While the world will have less food for its growing population in the future because of climate change (we are told that for every 1 degree Celsius rise in temperature above the optimum, farmers can expect a 10 per cent decline in grain yields), the real culprit is growing global wealth.

Here is why. In the last 30 or so years, for example, over 400 million Chinese have joined the middle class.

In Africa, about 300 million have moved into the middle class over the same period, and in India too, about the same number have moved up.

When children raised in humble families where they ate beef or chicken only at Christmas become rich as adults, they don’t become vegetarians.

They eat lots of meat. The demand for beef and chicken, therefore, rises with the growth of the middle class.
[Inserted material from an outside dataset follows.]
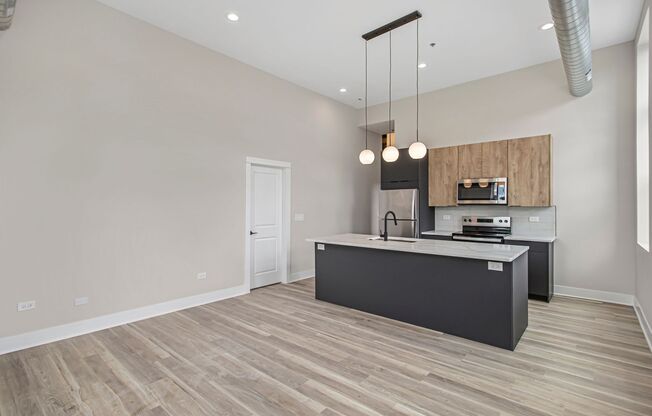 2 beds, 2 baths, 938 sqft, $2,999, Unit 401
Then land that was being used to grow grain, and the maize that was making its way to our tables as ugali, is diverted to raise and feed the new herds of cattle and chicken for the growing middle class because it is more profitable.

That means there is less land and food dedicated to feeding human beings. So global food shortages and prices increase.

Furthermore, half the world’s population, it is reported, live in countries with “water-based food bubbles” (Saudi Arabia, China, India and so forth).

These are countries where the natural replenishable sources of water have been used up for agriculture, and now irrigation is drawing the “reserve” water table.

Food production is already falling in several these countries, and it won’t be long before they have no water of any sort. Imagine what will happen next.

Closer home, I was intrigued to learn on a recent trip to Lesotho that South Africa, Africa’s most agriculturally advanced nation, imports quite a bit of water from Lesotho to keep that up.

Lesotho’s water exports to South Africa are about 5 per cent of the mountain kingdom’s GDP! One conclusion from all this is that the richer we become, the hungrier the world will be. A vintage Catch-22 situation.